I think this technique provides a lot of possibilities for future consumers. Maybe in the future you could cross-match your photos with an online database and auto-adjust the color and light balance accordingly.
E.g. Let's say you went to visit Machu Picchu on a very cloudy and rainy day. You come home and realize your photos look terrible. You put your photos in a piece of software and match them with an online set of Machu Picchu photos. You click on "auto-adjust" and hey presto, they are transformed in to a set of photos that look perfectly lit and balanced. Or am I just dreaming out loud.
Pretty cool. I'm not super familiar with machine learning but from reading section 2 of their paper it sounds like you need to manually find a matching picture to the one you care about (the single positive) and a bunch of pictures that don't match. Then you run the algorithm and come up with a set of weights.
It would be nice if things were more automatic, like if a computer program could decide what features were unique (maybe also through machine learning it could learn that buildings are generally unique and the sky is not).
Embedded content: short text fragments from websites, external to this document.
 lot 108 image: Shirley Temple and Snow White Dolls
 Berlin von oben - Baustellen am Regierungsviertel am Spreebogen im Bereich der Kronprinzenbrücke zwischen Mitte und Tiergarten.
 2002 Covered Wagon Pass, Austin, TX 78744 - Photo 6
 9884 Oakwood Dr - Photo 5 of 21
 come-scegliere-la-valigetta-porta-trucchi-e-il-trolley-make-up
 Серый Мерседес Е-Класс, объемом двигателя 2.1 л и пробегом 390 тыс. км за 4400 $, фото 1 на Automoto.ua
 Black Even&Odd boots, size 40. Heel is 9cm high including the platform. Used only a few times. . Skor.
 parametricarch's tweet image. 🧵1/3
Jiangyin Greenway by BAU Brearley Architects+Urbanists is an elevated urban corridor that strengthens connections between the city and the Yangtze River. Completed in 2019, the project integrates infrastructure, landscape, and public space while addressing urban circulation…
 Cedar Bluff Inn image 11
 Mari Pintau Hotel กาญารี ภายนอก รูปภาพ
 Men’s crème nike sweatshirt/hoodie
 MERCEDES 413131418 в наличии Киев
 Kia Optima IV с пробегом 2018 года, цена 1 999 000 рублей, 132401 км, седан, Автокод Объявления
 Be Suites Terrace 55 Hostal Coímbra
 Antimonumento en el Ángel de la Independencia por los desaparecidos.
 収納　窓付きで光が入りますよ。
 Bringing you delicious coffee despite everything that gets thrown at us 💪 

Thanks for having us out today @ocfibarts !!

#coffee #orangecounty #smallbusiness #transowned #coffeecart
I haven't read the paper in full yet (nor am I a machine learning expert), but it seems to be training it against a precompiled dataset, not using human views:
"To learn the feature weight vector which best discriminates an im- age from a large “background” dataset, we employ the linear Sup- port Vector Machine (SVM) framework. We set up the learning problem following [Malisiewicz et al. 2011] which has demon- strated that a linear SVM can generalize even with a single positive example, provided that a very large amount of negative data is avail- able to “constrain the solution”. However, whereas in [Malisiewicz et al. 2011] the negatives are guaranteed not to be members of the positive class (that is why they are called negatives), here this is not the case. The “negatives” are just a dataset of images randomly sampled from a large Flickr collection, and there is no guarantee that some of them might not be very similar to the “positive” query image. Interestingly, in practice, this does not seem to hurt the SVM, suggesting that this is yet another new application where the SVM formalism can be successfully applied."
Haha, yes, but I mean it seems to imply it requires a starting pair; one additional photo selected by the human as a match in addition to the one we desire to find matches for.
Very cool. Figure 7 is particularly instructive as to the power of this approach.
It would also be interesting to see a comparison of images where the features are less pronounced, e.g., matching landscape images. One can imagine uniform weighting approaches performing better where, for example, color is a more important matching criteria than form/features.